Jill Messick, Hollywood Producer Embroiled In Weinstein Scandal, Dies By Suicide
Veteran Hollywood producer Jill Messick, who in recent months found herself caught in the middle of the Harvey Weinstein scandal, has killed herself, her family said in a statement. She was 50.
Messick had been a manager for Rose McGowan in 1997, when the actress says Weinstein raped her — a charge that he has denied.
McGowan has been one of Weinstein's most vocal accusers and her public shaming of him helped bring other women with allegations to the forefront.
Messick, who was executive producer for the films Masterminds and Baby Mama, had bipolar disorder and depression, her family said.
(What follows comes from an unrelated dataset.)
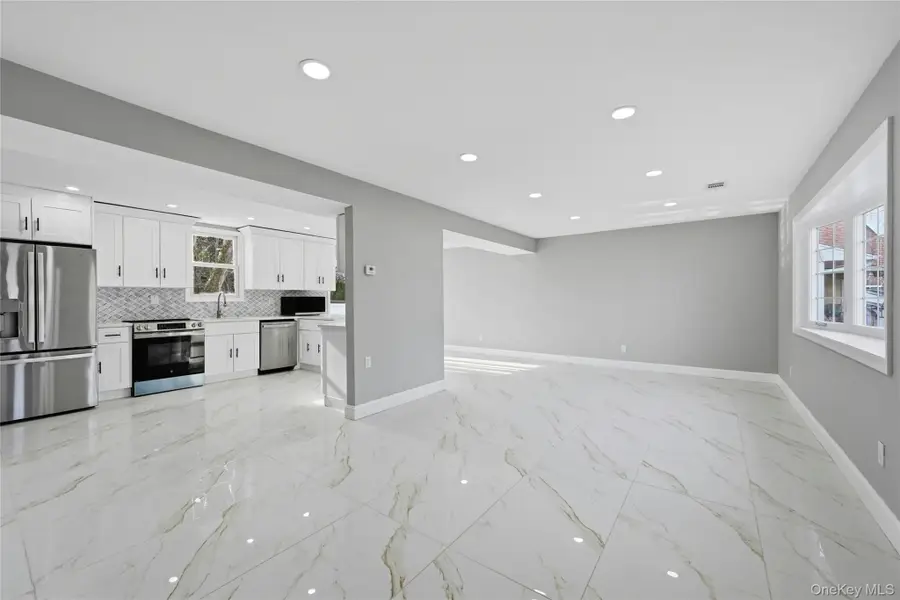 10 Curlin Lane, Saint James, NY 11780 - #3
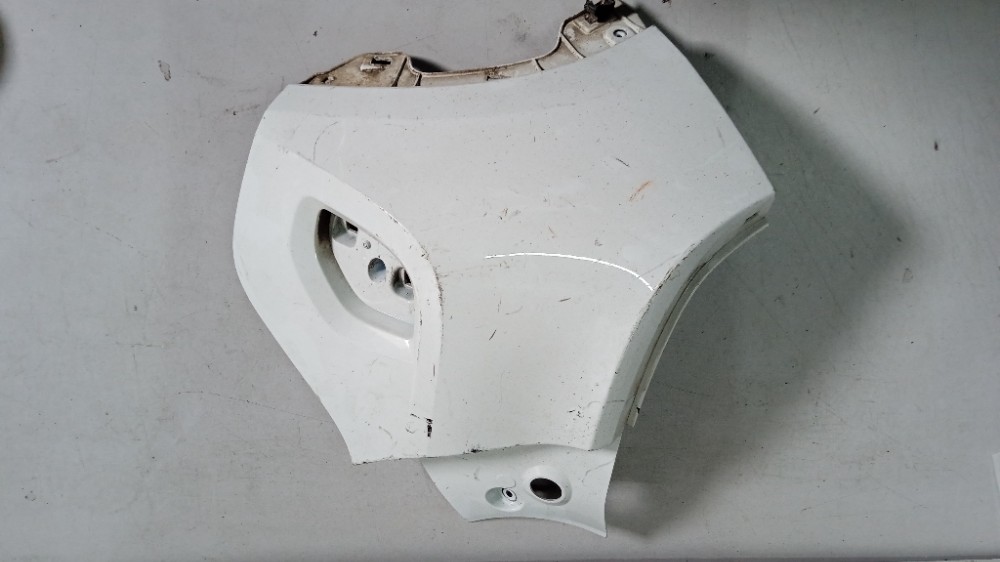 Ponteira Lado Esq Do Para-choque Tras. Kwid 2022/2025 Usado. 1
Nevertheless, in a statement, the family strongly suggests that finding herself in the middle of the high-profile Weinstein-McGowan story drove her to take her own life.
"Seeing her name in headlines again and again, as part of one person's attempt to gain more attention for her personal cause, along with Harvey's desperate attempt to vindicate himself, was devastating for her," the family said in a statement to The Hollywood Reporter.
Those headlines included a New York Times story from October in which McGowan detailed the back-and-forth with Messick at the time of the assault, claiming that Messick had initially comforted her and helped arrange a settlement with Weinstein, but that ultimately, McGowan was "shocked when, only a few months afterward, Ms. Messick accepted a job working as vice president for development at Miramax, then run by Mr. Weinstein."
According to The Associated Press, "Messick's family says McGowan reported the (1997) incident to her without calling it rape, but that Messick, realizing something inappropriate if not illegal had happened, reported it to her senior bosses months before she went to work under Weinstein at Miramax."
"Jill was victimized by our new culture of unlimited information sharing and a willingness to accept statement as fact," the family said. "The speed of disseminating information has carried mistruths about Jill as a person, which she was unable and unwilling to challenge. She became collateral damage in an already horrific story."
Actor and writer Tina Fey, who worked with Messick on the 2004 film Mean Girls, called her "a dedicated producer and kind person," according to Hollywood Reporter.
Director Mark Waters said Messick helped get him hired to direct on Mean Girls. He told the magazine that she was "a terrific producer, there with me every day on set, and always a tireless, positive presence. She will be sadly missed by all of us who knew her."